Cabin Cooking: Homemade Ice Cream

What better way to cool off on a hot day than with homemade ice cream. When we are at our float cabin, ice can be hard to come by. We have a propane refrigerator, but the small freezer is usually full. Towards the end of the week there's finally enough space to make a bag of ice. I researched to find a small manual ice cream maker. What I purchased was the Play and Freeze Ice Cream Maker by Industrial Revolution ( I got mine at REI. You can get it online or at a store near you. I have the pint size. There's also a quart version.

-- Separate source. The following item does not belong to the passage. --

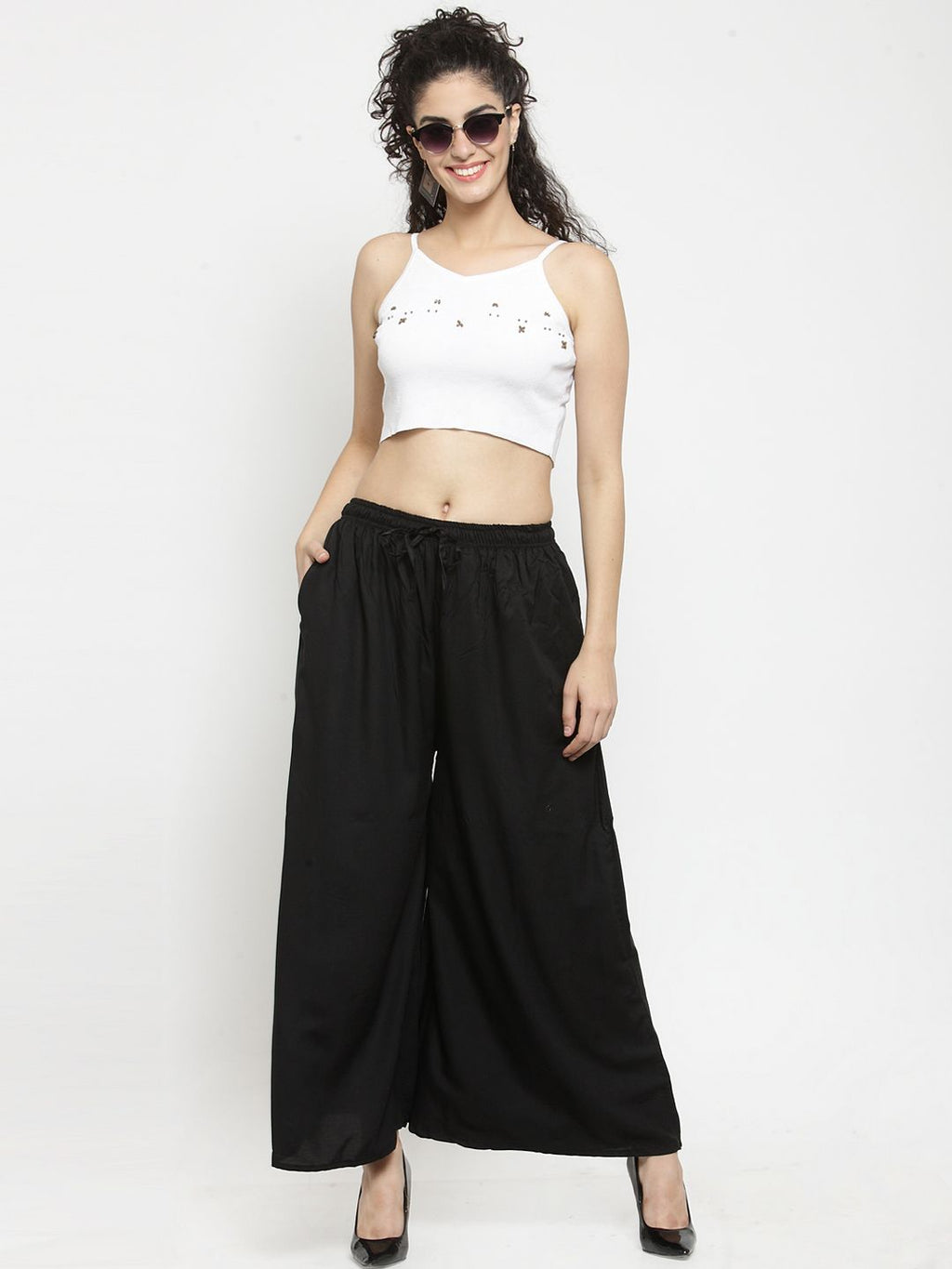 Dhimhi Women's Black Solid Flared Palazzos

Ice cube trays filled half way work best. After I have a one quart plastic bag filled I'm ready to go. Directions for making ice cream are simple. Fill the ball with as much ice as it will hold. Add 1/2 cup rock salt to the ice to increase its freezing power.

Here is the recipe I use.

1 pint of half and half
1 1/2 teaspoon vanilla
1/3 cup plus 2 tablespoons sugar

Cream makes a smoother ice cream. When I am at the cabin, I use a can of Carnation Thick Cream (but it's getting hard to find) mixed with enough canned milk to make the one pint of liquid. Mix your ice cream ingredients and place them in the other end of the ball.

Now shake or roll the ball to make ice cream. I've found it takes longer than advertised. I open the container at 10 minutes and scrape the sides with a plastic spoon. Otherwise, it freezes hard on the outside and remains liquid in the middle. I check it every 5 minutes and repeat as necessary. I also add more ice if room permits.

I pre-chill an aluminum bowl. When the ice cream is of soft serve consistency, I transfer it to the aluminim bowl and put it in the freezer to harden. At this point I might add chocolate chips, coconut or frozen berries to make a custom flavor. The possibilities are endless. I've even put it in a graham cracker crust to make an ice cream pie. The possibilities are limitless.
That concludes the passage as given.